[Records from a data source]
——————
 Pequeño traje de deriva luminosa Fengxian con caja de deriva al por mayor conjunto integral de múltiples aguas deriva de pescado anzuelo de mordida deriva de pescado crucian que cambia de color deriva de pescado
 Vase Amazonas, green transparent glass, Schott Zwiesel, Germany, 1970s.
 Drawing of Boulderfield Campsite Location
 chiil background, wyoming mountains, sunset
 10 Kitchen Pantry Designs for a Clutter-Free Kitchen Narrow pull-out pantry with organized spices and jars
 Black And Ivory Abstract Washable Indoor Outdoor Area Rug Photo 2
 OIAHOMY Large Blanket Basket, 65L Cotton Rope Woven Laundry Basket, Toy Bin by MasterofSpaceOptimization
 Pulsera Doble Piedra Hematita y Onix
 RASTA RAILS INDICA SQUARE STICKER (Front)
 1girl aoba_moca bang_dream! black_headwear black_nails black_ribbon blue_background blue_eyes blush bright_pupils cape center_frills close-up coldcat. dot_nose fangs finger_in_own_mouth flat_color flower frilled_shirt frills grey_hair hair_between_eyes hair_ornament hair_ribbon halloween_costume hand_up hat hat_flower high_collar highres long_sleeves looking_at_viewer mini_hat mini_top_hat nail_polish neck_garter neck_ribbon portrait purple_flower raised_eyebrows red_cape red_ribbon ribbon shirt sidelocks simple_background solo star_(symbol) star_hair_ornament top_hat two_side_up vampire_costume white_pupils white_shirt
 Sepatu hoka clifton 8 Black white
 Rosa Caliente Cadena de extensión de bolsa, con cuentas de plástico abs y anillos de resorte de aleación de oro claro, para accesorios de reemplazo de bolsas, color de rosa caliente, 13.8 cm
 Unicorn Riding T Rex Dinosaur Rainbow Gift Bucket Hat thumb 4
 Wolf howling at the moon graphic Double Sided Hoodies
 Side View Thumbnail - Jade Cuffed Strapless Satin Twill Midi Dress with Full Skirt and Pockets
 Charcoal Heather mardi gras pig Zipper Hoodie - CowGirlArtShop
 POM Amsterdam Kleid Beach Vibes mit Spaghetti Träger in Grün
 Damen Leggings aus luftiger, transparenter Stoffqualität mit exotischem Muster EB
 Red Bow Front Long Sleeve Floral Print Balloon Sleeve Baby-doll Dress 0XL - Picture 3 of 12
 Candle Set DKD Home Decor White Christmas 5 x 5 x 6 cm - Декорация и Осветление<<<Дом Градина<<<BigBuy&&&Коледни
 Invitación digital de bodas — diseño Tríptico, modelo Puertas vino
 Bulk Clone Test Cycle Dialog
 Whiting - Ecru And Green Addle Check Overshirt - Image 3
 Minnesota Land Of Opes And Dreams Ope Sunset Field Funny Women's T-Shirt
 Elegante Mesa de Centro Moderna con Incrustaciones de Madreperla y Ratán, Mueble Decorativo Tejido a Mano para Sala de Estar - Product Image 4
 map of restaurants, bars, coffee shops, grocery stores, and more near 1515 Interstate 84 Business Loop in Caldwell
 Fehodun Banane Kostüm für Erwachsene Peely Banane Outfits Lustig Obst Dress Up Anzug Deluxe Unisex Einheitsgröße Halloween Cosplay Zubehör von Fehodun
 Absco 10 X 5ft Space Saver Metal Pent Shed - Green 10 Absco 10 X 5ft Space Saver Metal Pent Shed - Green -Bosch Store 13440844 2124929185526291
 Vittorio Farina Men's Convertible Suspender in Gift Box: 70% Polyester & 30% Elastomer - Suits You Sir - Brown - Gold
——————
▶ _ASSIGNMENT_: Lines holding the string "with" must be copied out of the entries above.

▶ _ANSWER SECTION_:
 10 Kitchen Pantry Designs for a Clutter-Free Kitchen Narrow pull-out pantry with organized spices and jars
 Side View Thumbnail - Jade Cuffed Strapless Satin Twill Midi Dress with Full Skirt and Pockets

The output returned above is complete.